In this project the aim was to analyse data from the Welsh Health Survey in order to help to make evidence-based health care decisions. Due to the fact that the scope of the data presented was quite large, the project, in order to keep the task manageable, will specifically focus on the data concerning the relationships between race, gender, and obesity. In this case, we only kept data for specific parameters and formatted them in a way that was appropriate. In this paper, we will be discussing the results of our data analysis. As part of the report, the details of how the data was formatted, cleaned and analyzed are also provided.
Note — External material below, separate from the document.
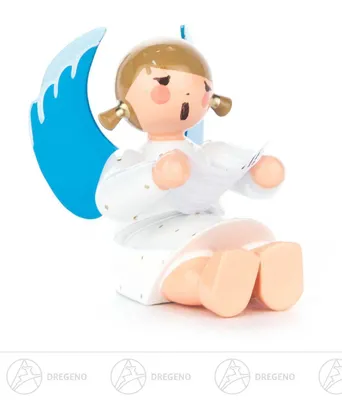 Produktbild von Engel mit Notenblatt sitzend  Höhe ca 4 cm NEU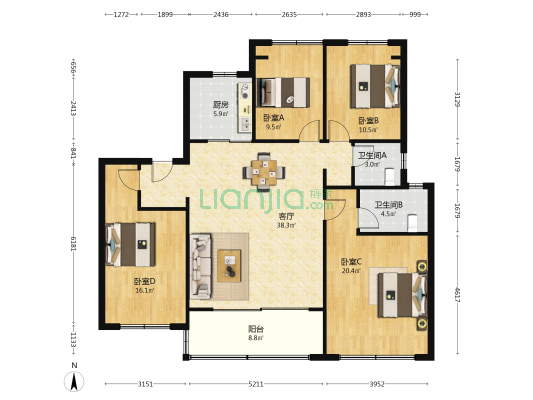 长江悦府 4室1厅2卫 141平方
Data set validity and Integrity
We considered the following factors when evaluating this dataset:
- The institution that collected the data
- Data collection’s purpose
- Date on which the data was collected
- Methods used to collect data
- Data collected and potential relationships between measures and variables.
Selecting a Dataset
We needed a dataset containing information on participants’ chronic health conditions, weight, and demographics that could help us create correlations for this project. We designed the project to incorporate these elements. Governmental sources were used to increase reporting standards and data reliability.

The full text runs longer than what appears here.